>>>
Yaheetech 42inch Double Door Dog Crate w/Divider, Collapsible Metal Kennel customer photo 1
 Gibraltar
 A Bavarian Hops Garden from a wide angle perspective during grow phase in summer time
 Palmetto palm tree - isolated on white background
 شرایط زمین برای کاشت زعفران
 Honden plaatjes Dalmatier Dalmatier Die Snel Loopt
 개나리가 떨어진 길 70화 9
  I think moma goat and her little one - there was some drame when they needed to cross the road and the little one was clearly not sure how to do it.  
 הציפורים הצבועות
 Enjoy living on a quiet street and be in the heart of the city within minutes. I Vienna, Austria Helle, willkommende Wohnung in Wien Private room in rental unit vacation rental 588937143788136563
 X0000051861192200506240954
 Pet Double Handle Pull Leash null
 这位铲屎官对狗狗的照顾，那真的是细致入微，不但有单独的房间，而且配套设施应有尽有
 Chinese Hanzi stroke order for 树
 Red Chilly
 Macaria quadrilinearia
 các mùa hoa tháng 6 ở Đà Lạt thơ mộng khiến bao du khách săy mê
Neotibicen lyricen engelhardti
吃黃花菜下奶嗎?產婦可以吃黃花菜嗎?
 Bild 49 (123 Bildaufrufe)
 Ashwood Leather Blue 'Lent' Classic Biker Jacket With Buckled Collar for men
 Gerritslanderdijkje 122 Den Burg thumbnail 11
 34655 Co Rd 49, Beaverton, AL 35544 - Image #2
<<<
__What you need to do__.
Look over the entries above and say how many lines contain "Double"; give only the number.

__Written response__.
2